**MATERIAL PROVIDED**

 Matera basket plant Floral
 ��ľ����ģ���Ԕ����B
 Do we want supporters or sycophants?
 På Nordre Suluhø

* * *

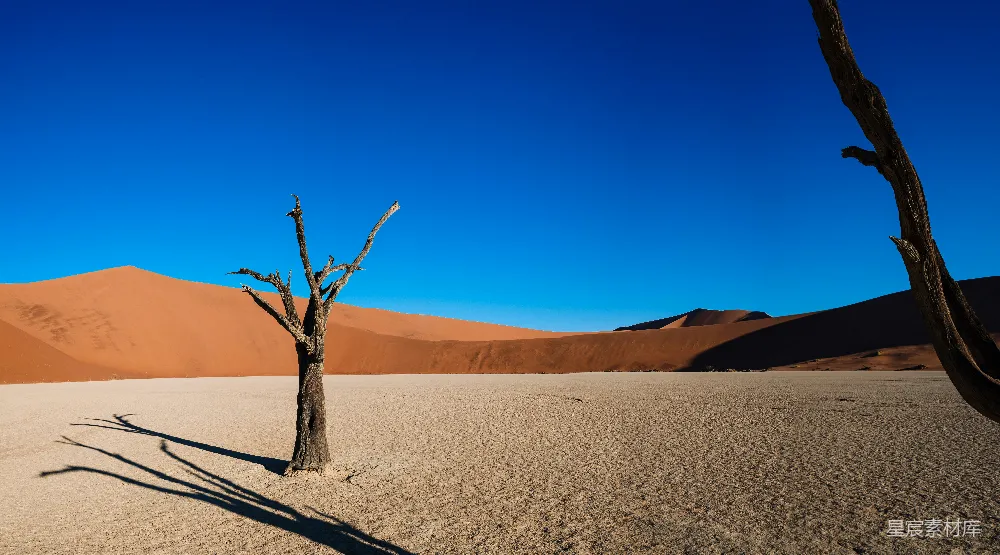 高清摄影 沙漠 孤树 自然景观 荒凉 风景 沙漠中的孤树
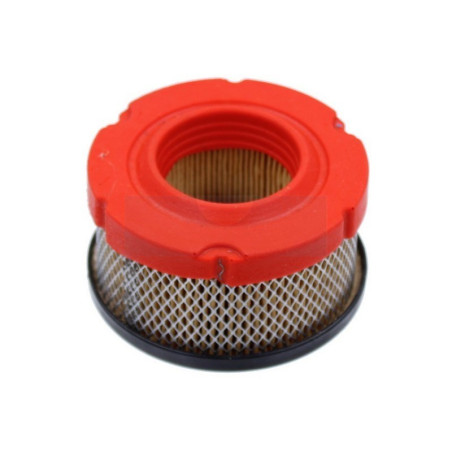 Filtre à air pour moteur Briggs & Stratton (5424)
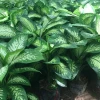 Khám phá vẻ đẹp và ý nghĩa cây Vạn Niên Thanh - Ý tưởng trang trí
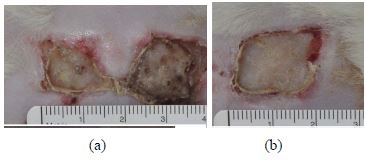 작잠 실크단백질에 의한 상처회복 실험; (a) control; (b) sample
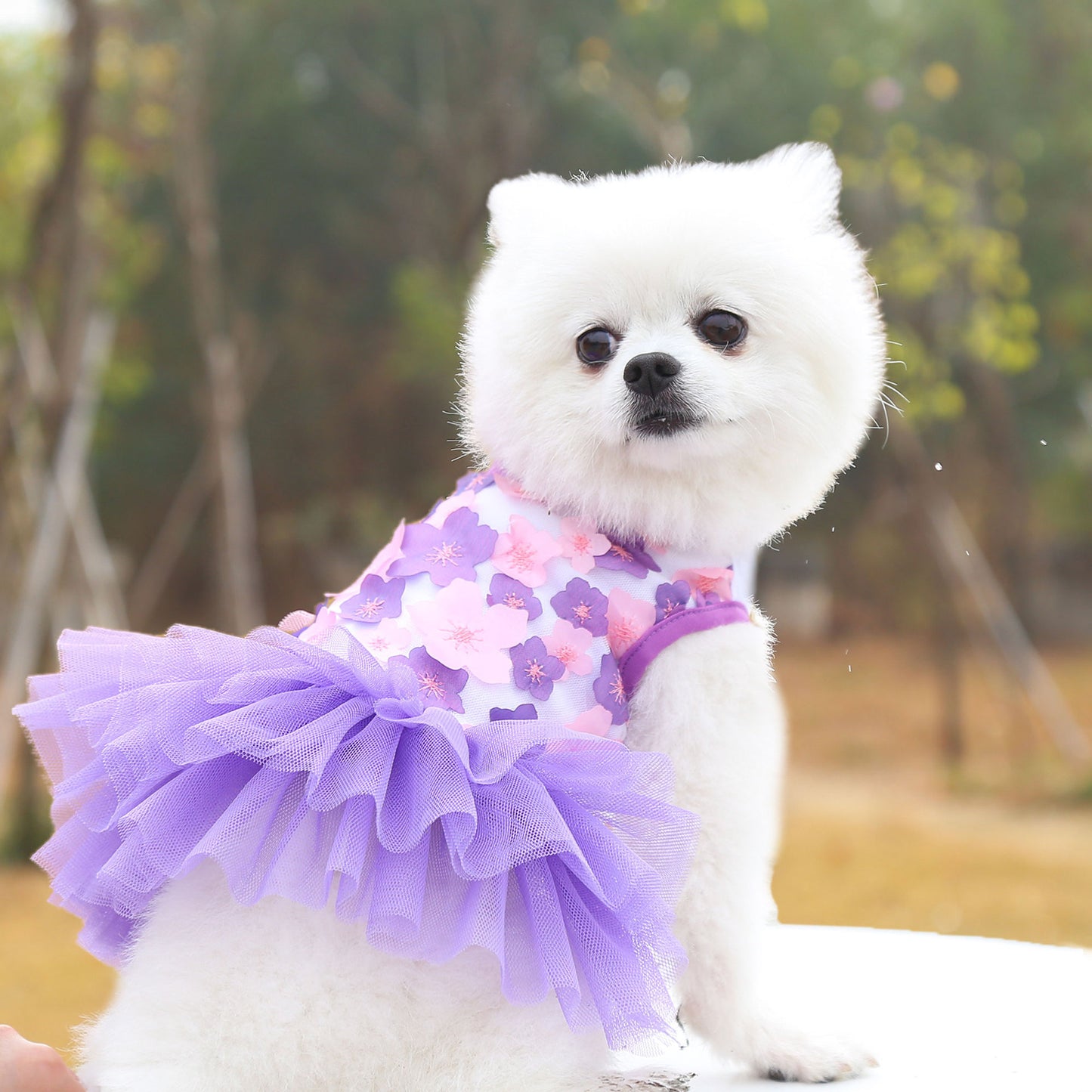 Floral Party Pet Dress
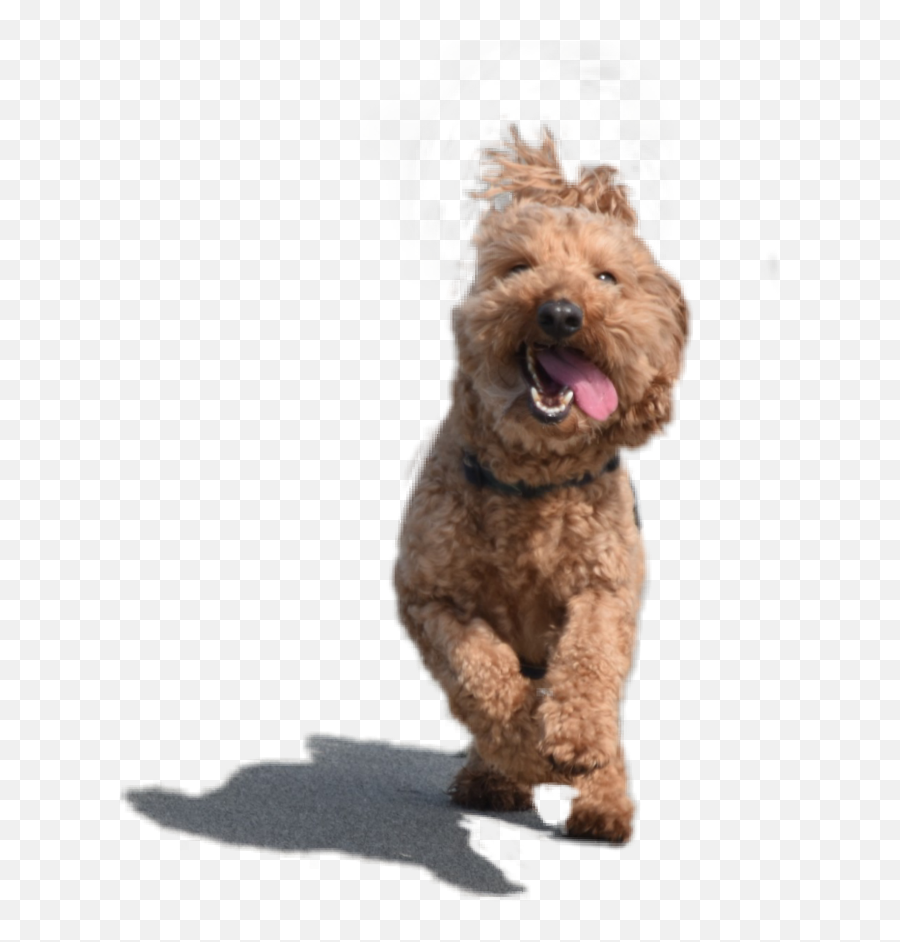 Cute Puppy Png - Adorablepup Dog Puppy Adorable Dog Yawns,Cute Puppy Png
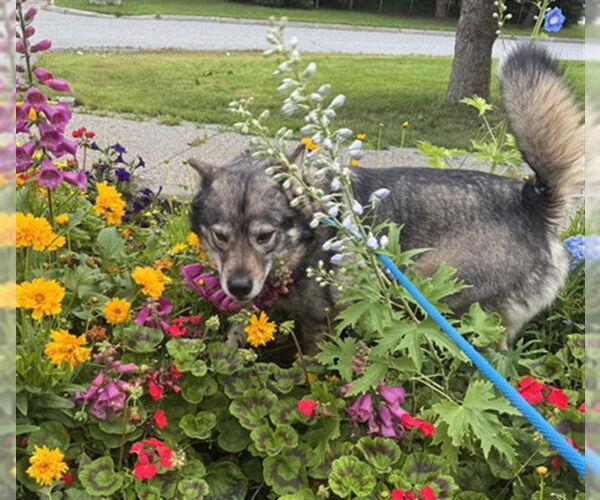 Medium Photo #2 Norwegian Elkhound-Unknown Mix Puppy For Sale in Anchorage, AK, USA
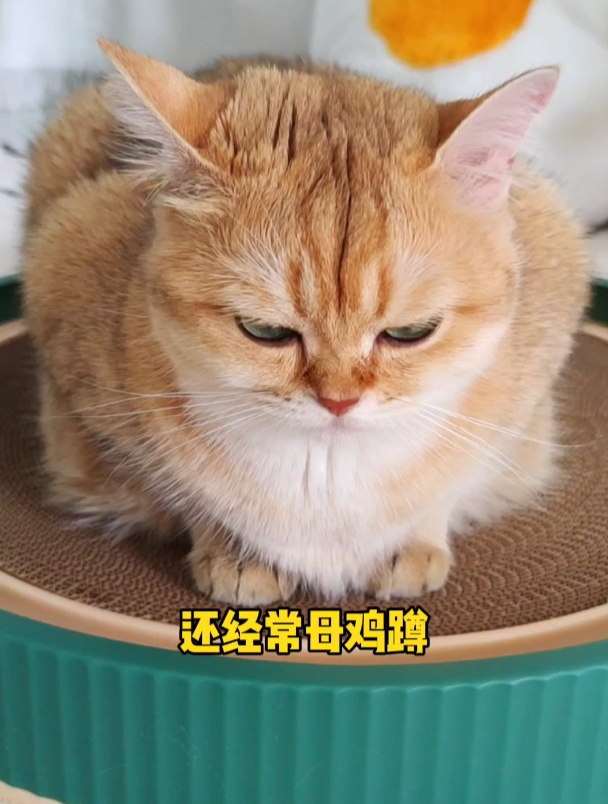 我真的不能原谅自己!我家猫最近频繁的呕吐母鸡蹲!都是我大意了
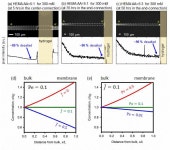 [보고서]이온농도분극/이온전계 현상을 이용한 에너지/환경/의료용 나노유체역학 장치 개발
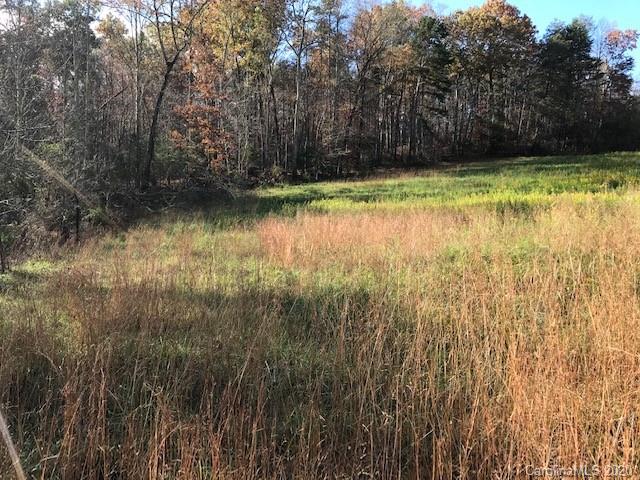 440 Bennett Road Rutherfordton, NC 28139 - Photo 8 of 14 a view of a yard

**PROMPT**
Please, from the material above, copy only the lines from the line with "Matera basket plant Floral" up to and including the line with "På Nordre Suluhø", exactly as written.

**RESULT**
 Matera basket plant Floral
 ��ľ����ģ���Ԕ����B
 Do we want supporters or sycophants?
 På Nordre Suluhø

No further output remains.